Washington, DC, April 28 (MTI) – Government spokesman Zoltán Kovács concluded a four-day visit to Washington, DC on Thursday during which he met congressmen and representatives of brain trusts and visited background institutions as well as the Congressional Research Service.
Kovács held talks with Republican congressmen Dennis Ross of Florida and Jeff Fortenberry of Nebraska, along with Republican Senator Ron Johnson of Wisconsin. He also met representatives of research institutions such as the German Marshall Fund, the conservative Heritage Foundation and the Family Research Council.
Speaking to MTI about his talks on Thursday, Kovács said he had briefed all his negotiating partners on the Hungarian government’s policies of the past seven years.
“We of course also talked about current affairs, such as the issue of the Central European University (CEU) and NGOs, and the impression I got from everyone was that they really do understand what’s going on,” the government spokesman said. He said the news that had reached the US about the CEU was “mostly the one-sided bits of information containing the same half-truths being spread by the CEU’s rector and Soros allies”.

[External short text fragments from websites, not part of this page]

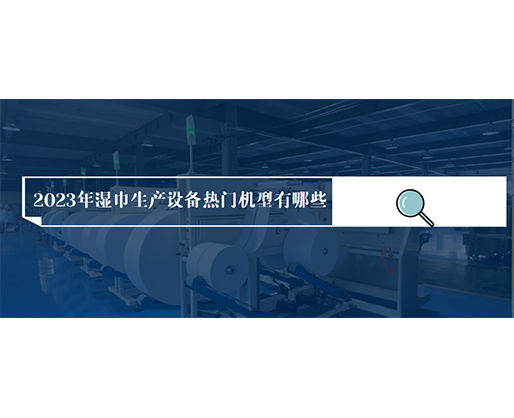 2023年濕巾生產(chǎn)設(shè)備熱門機型有哪些？價格多少？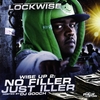 Lockwise: Wise Up Vol. 2: No Filler Just Iller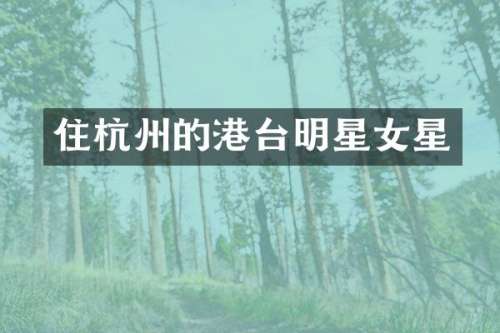 住杭州的港台明星女星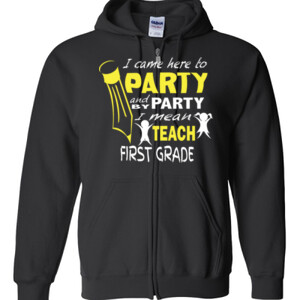 I Came Here To Party-First Grade - Gildan - Full Zip Hooded Sweatshirt - DTG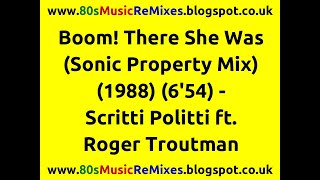 Boom! There She Was (Sonic Property Mix) - Scritti Politti ft. Roger Troutman | 80s Club Mixes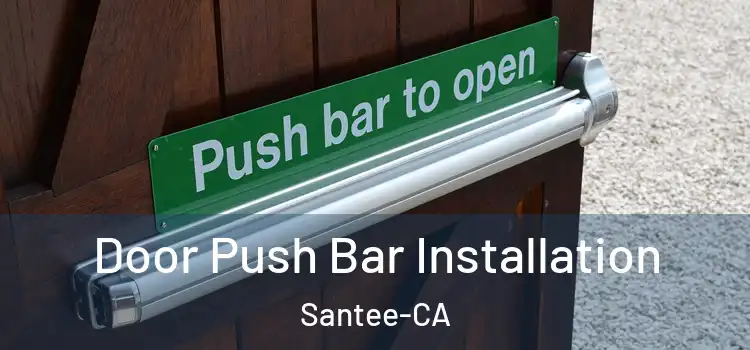  Door Push Bar Installation Santee-CA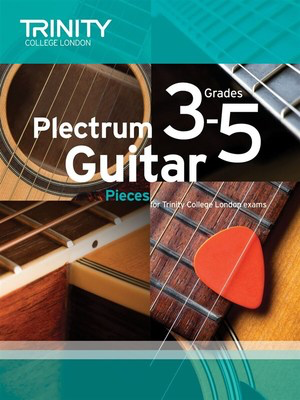 Plectrum Guitar Pieces Grade 3-5 2016-2019 - Various - Classical Guitar|Guitar Trinity College London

He suggested that prejudice in connection with Hungary in the US seemed to be “easing”, adding at the same time that most of the information that reaches the country was “still quite one-sided”.
Kovács said that if Hungary wants to change the way it is perceived in the world it is not enough for it to spread information to embassies but it had to “go straight to news organisations and reach a lot more people”. He added, however, that the Hungarian government often does not get a chance to share accurate information.
Asked about a letter sent last week to the Hungarian prime minister by a bipartisan group of US senators about the need to keep the CEU in Budapest, Kovács said he was convinced, based on his talks, that US politicians had not overestimated the importance of the letter and were aware that “the amendment to the higher education law is not about the CEU specifically but about all foreign universities operating in Hungary, and that there is nothing in the amendment that would be impossible to fulfil.”
Asked what it was that had interested his negotiating partners the most, Kovács said it was not the issue surrounding the CEU, but rather migration and the future of the European Union.